Cos'è il sovraindebitamento e come riconoscerlo

Il sovraindebitamento è una condizione sempre più diffusa, specialmente in momenti di difficoltà economica. Non si tratta semplicemente di avere debiti, ma di trovarsi in una situazione debitoria permanente che supera di gran lunga il valore del proprio patrimonio liquidabile. In altre parole, si è considerati sovraindebitati quando ciò che si deve è molto più di quello che si possiede e si è in grado di vendere.

Questa condizione non si verifica da un giorno all'altro: spesso deriva da una serie di eventi concomitanti, come la perdita del lavoro, spese mediche impreviste o un uso eccessivo del credito. Ciò che la rende critica è l’incapacità concreta di far fronte agli obblighi finanziari in modo regolare. Le bollette, i mutui, i prestiti non riescono più a essere pagati nei tempi previsti, e le sollecitazioni dei creditori si intensificano.

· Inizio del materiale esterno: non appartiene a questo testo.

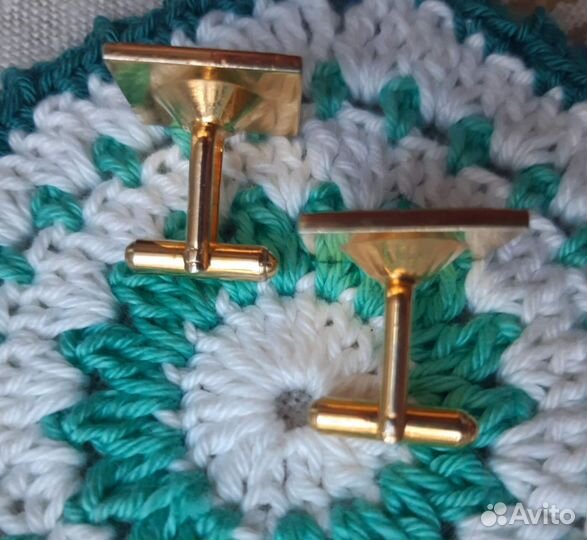 Запонки и зажим для галстука СССР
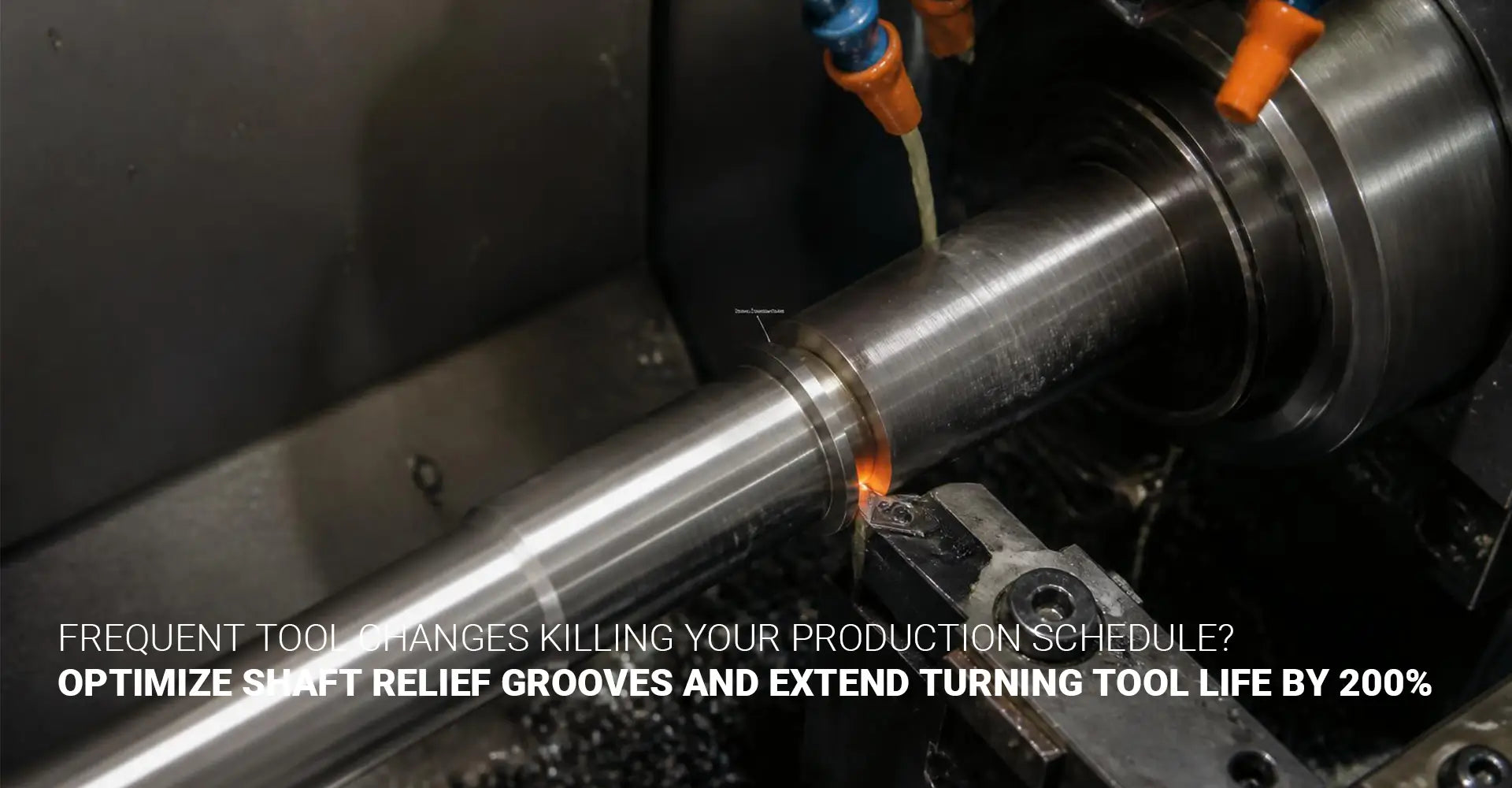 Why Do Sharp Corners in Shaft Grooves Wreck Your CNC Turning Tools?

Per accedere a strumenti di aiuto, come la cosiddetta procedura di composizione della crisi, è fondamentale che la situazione di sovraindebitamento venga accertata da un'autorità competente. Non basta dichiararsi in difficoltà: serve una valutazione oggettiva che dimostri come il peso dei debiti sia insostenibile rispetto alle reali risorse disponibili.

Fortunatamente, esistono tutele. Il legislatore ha previsto percorsi specifici per chi si trova in questa condizione, con l’obiettivo di ripartire da zero in modo leale e trasparente. Riconoscere il problema è il primo passo: solo così si può uscire dal circolo vizioso e iniziare a ricostruire un equilibrio finanziario.